Correlação com Tradição Yorùbá
Na tradição bantu, Matamba estabelece correspondência direta com Iansã, mantendo características similares mas com especificidades próprias da cosmologia Angola. Esta correlação demonstra as influências mútuas entre as tradições religiosas africanas no Brasil.

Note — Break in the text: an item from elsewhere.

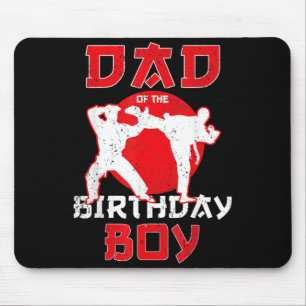 Tapis De Souris Papa de l'anniversaire Karaté Taekwondo Garçon Art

Elementos e Símbolos Sagrados
Leques, objetos que se movem com o vento, penas leves, tecidos esvoaçantes, espadas em miniatura, cobre, azeite de dendê, mel, velas amarelas e vermelhas, e símbolos de movimento e guerra.
Oferendas Tradicionais
Acarajé, feijão fradinho, azeite de dendê, mel, frutas amarelas, cerveja, vinho espumante. As oferendas são colocadas em locais altos e ventilados, preferencialmente durante ventanias.
Rituais e Cerimônias
Os rituais incluem cantos guerreiros, danças com movimentos rápidos que imitam o vento, oferendas em locais altos e invocações durante tempestades. Matamba é invocada para coragem e mudanças.
Referências Acadêmicas
Robert Slenes, em “Na Senzala, uma Flor” (1999), documenta Matamba como Nkisi da tradição bantu. Juana Elbein dos Santos, em “Os Nagô e a Morte” (1986), estabelece correlações entre Matamba e Iansã. Pierre Verger, em “Orixás” (1981), analisa as correspondências entre tradições bantu e yorùbá.
Legado e Continuidade
O culto a Matamba representa a continuidade da sabedoria ancestral bantu, preservada através das gerações na tradição Angola. Esta devoção mantém viva a conexão com as raízes espirituais e culturais dos povos de Angola e Congo.
“Através da veneração a Matamba, honramos a sabedoria ancestral bantu e mantemos viva a diversidade da religiosidade afro-brasileira.”